> _WHAT IS BEING ASKED_:
Reproduce the material below only from the line with "Lightning McQueen - 77255" to the line with "фото №8, Hyundai", both included, keeping each line exact and dropping the pictures.

> _SOURCE MATERIAL_:
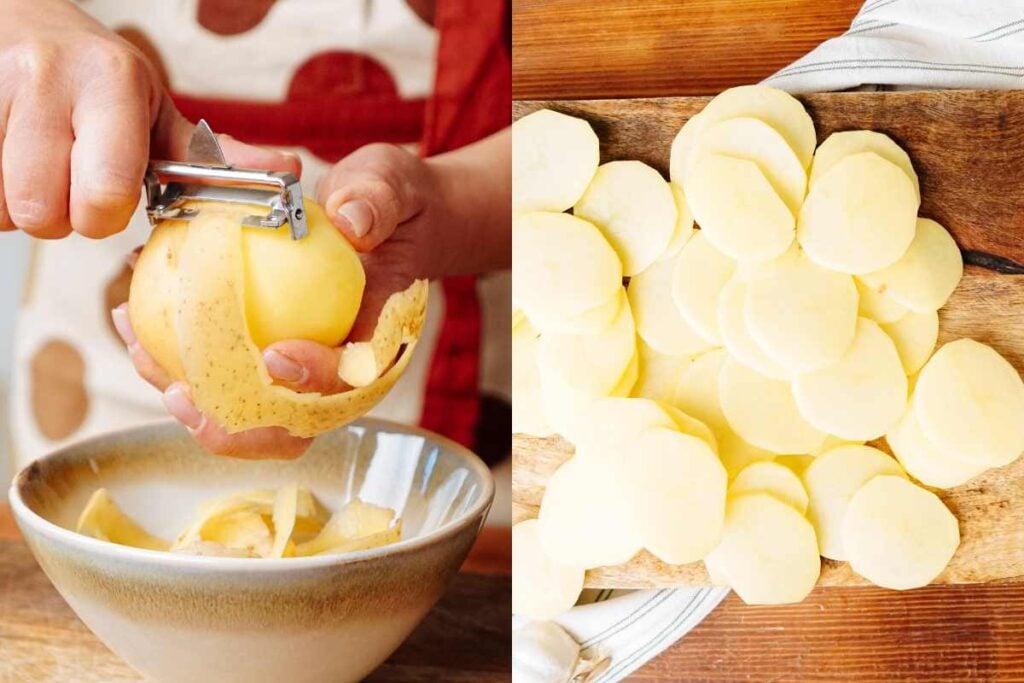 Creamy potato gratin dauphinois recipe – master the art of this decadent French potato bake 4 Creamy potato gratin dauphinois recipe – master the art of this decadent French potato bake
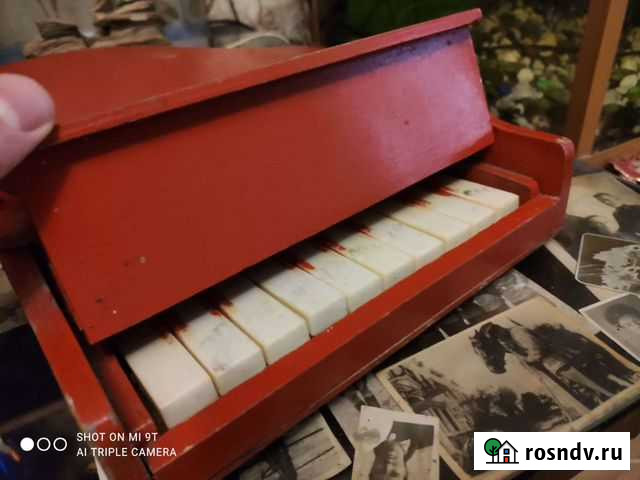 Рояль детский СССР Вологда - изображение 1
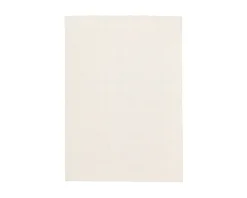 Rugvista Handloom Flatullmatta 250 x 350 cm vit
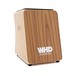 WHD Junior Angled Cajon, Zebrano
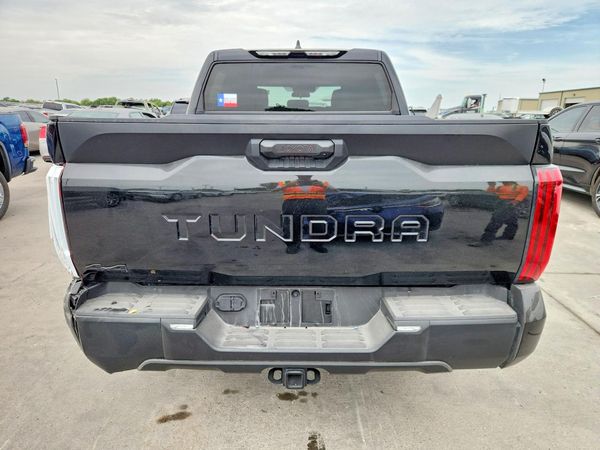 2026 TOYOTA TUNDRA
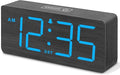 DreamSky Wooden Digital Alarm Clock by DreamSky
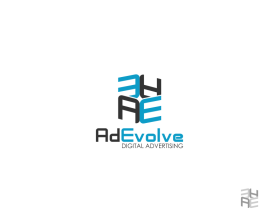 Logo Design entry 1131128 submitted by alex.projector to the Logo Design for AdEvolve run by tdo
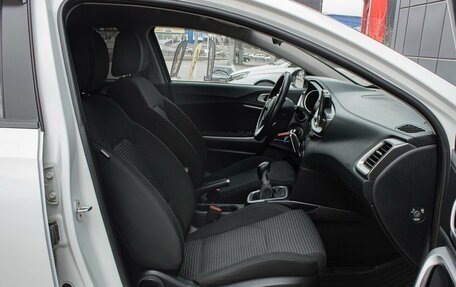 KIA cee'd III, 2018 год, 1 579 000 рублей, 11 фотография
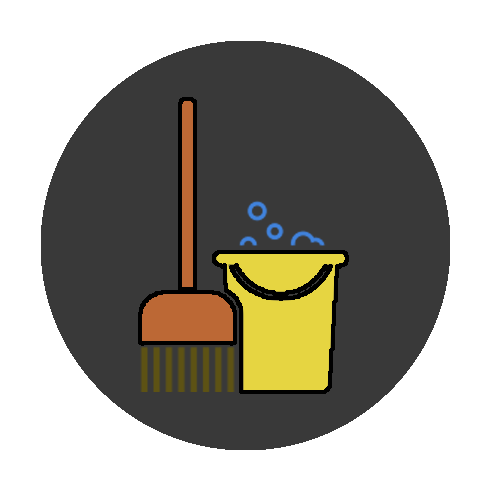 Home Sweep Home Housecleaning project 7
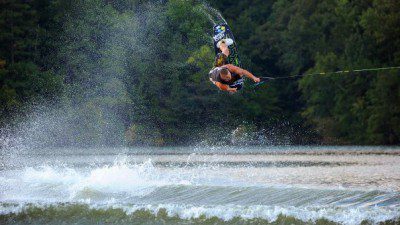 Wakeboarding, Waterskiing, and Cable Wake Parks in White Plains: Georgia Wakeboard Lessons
==
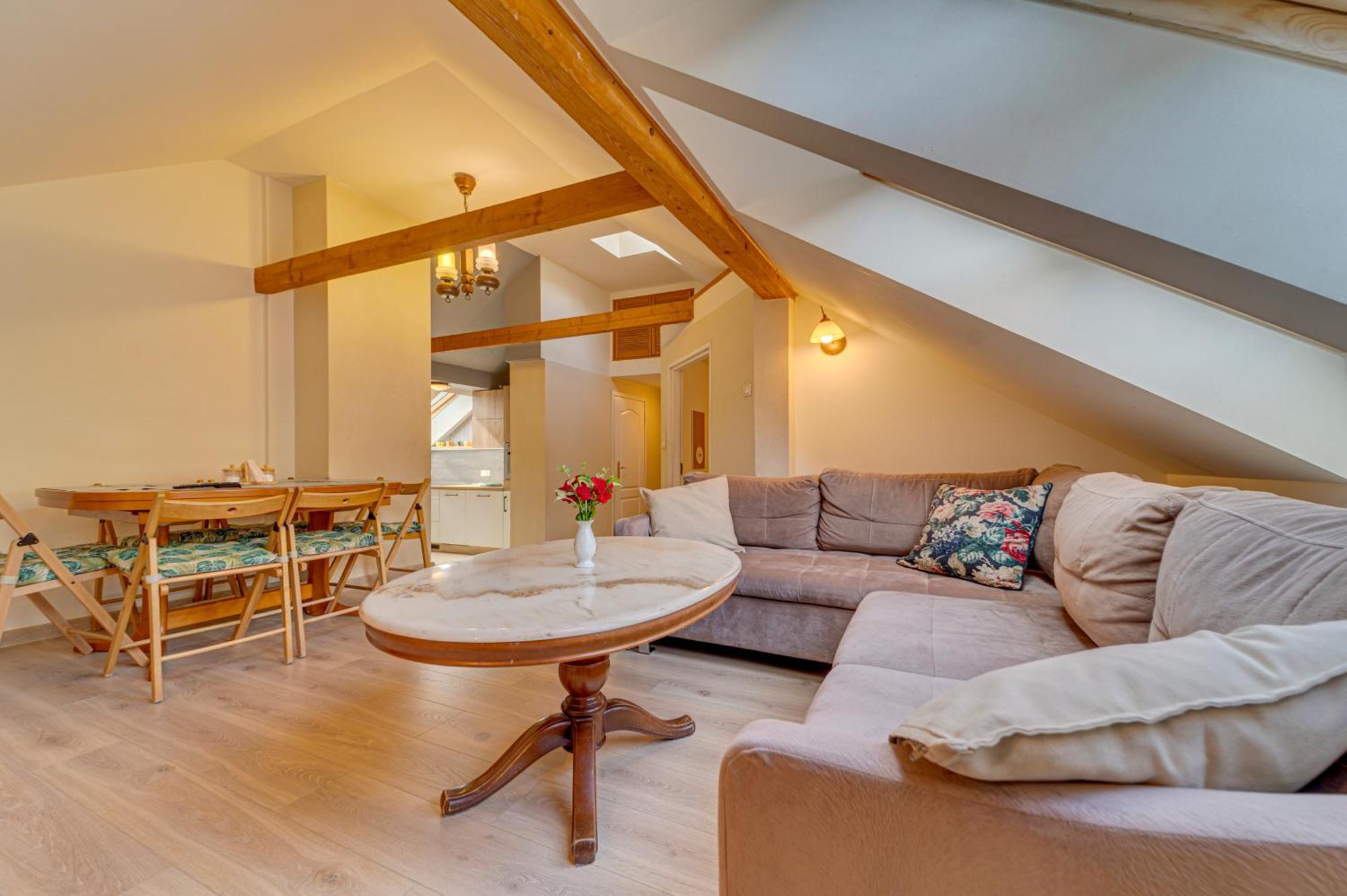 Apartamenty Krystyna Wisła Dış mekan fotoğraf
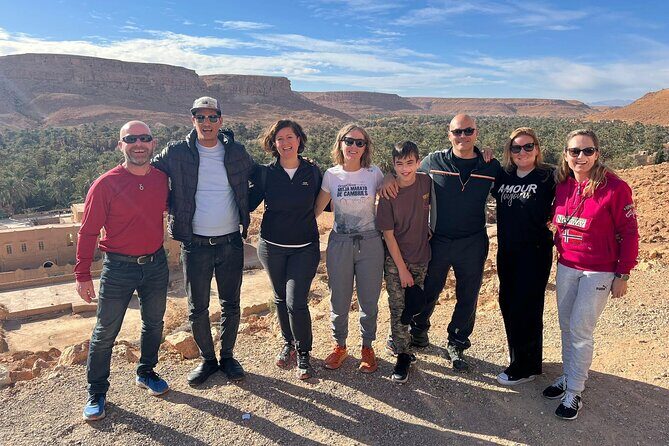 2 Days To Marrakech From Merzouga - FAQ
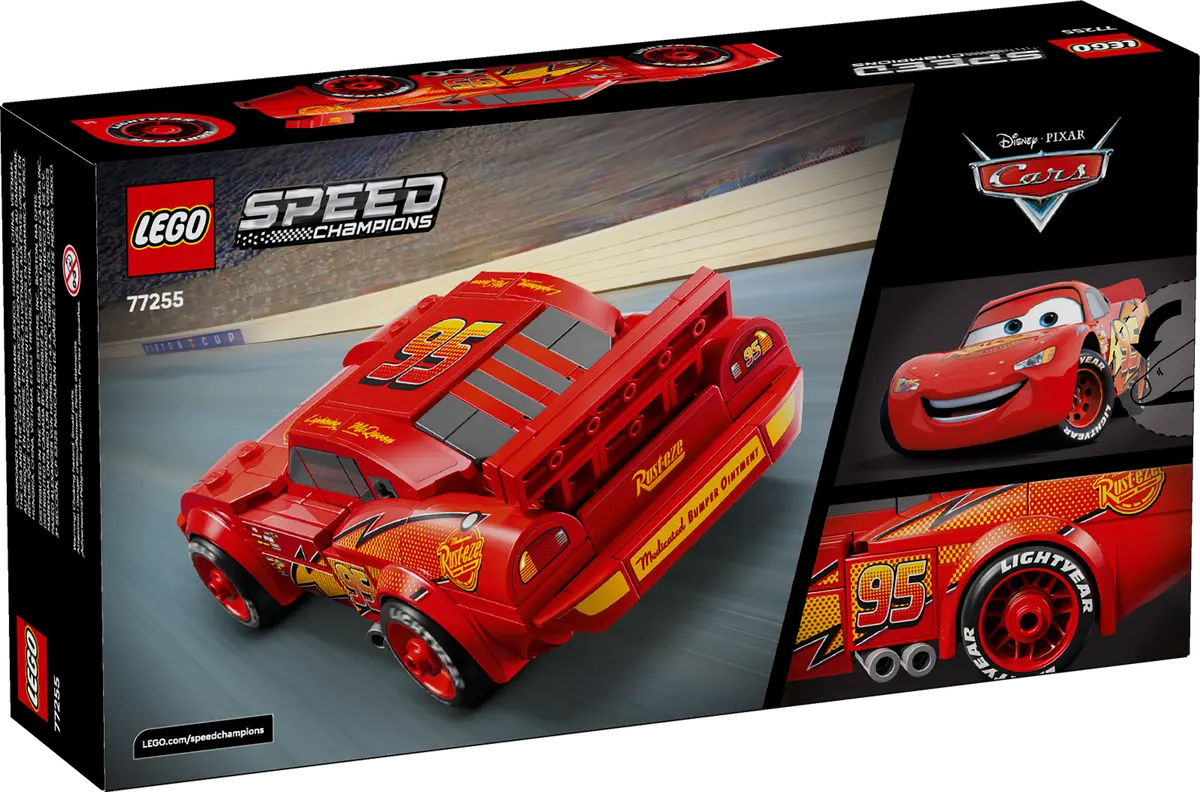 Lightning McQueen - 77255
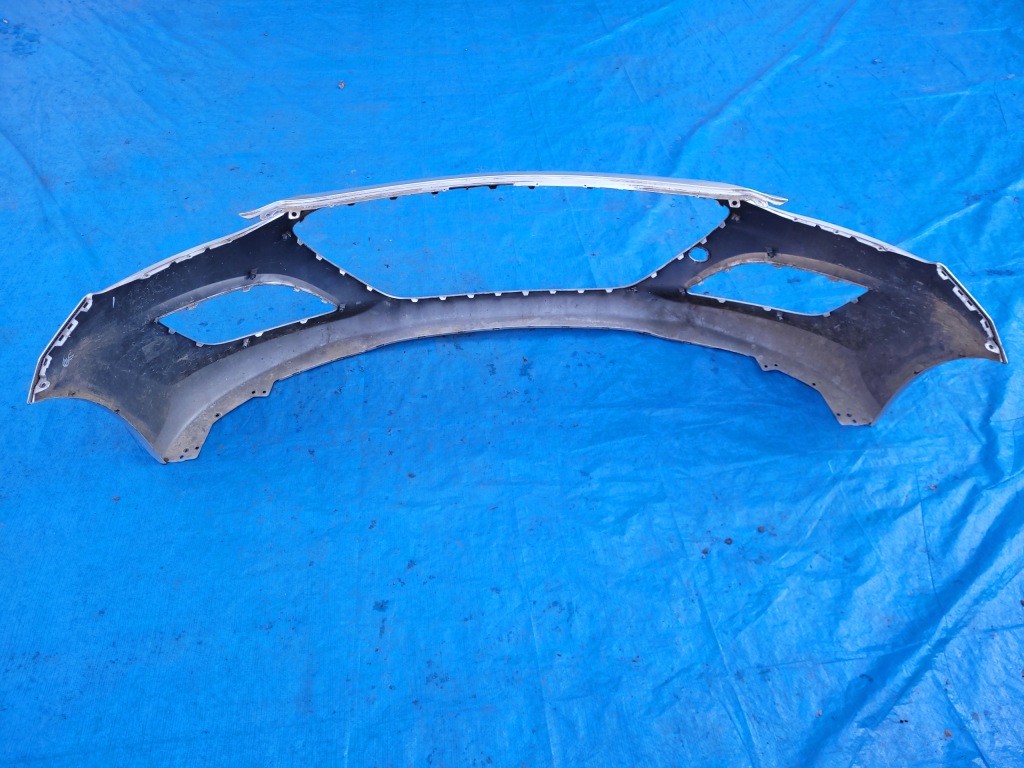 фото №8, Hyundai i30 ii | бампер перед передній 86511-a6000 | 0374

> _SOLUTION_:
 Lightning McQueen - 77255
 фото №8, Hyundai i30 ii | бампер перед передній 86511-a6000 | 0374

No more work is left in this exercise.